この食材の名前は? 麺じゃありません
旬の食材は食べて美味しいだけではなく、栄養もたっぷり。本コーナーでは魚や野菜、果物など旬食材の魅力をご紹介します。
さて、今回のテーマとなる食材は?
文/おと週Web編集部、画像/写真AC
■茹でると……
正解: 金糸瓜
難易度:★★★★★
不思議な野菜です
金糸瓜(きんしうり)は、植物学的にはウリ科カボチャ属のペポ種に分類されます。
見た目は瓜に近い楕円形で、表皮は淡い黄色から濃い黄金色まで変化がありますが、分類上はかぼちゃの仲間です。
加熱すると果肉が繊維状にほぐれるという特異な特徴から、金糸瓜と名づけられました。ただし、「そうめんかぼちゃ」「糸瓜(いとうり)」「そうめんうり」「スパゲッティスカッシュ」など、地域や用途によって呼び名が異なります。

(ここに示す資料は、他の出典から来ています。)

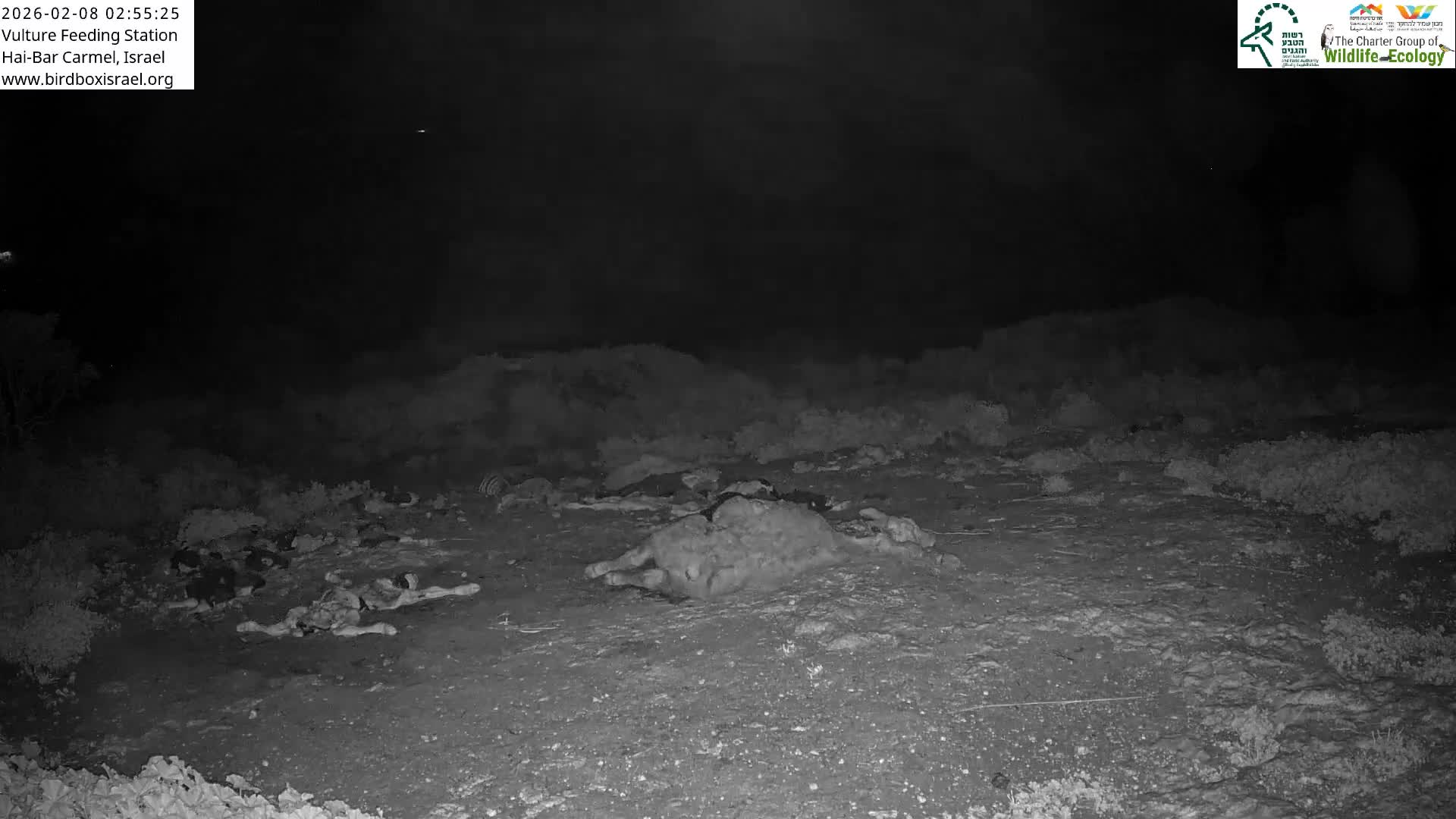 Hai-Bar Nature Reserve / Mount Carmel National Park Vulture Feeding & Skycraper Eshkol University of Haifa  Live Cam - Denya, Haifa, Israel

一般的には、7月から8月かけて出荷のピークを迎えます。ただし、収穫直後よりも少し寝かせたほうが繊維がほぐれやすくなるため、食べ頃は8月下旬から9月にかけてとなります。
果肉の繊維が縦方向に規則的に並んでいて、果肉が細い糸状にほぐれる理由は、加熱によってその繊維を結びつけているペクチン質がゆるむためです。
食感はシャキシャキとしており、味にクセがないため、和え物やサラダ、酢の物、パスタ風のアレンジなど、多彩な料理に使うことができます。
日本では三杯酢やポン酢でさっぱりといただくのが一般的ですが、欧米では主菜のつけ合わせにされることもあります。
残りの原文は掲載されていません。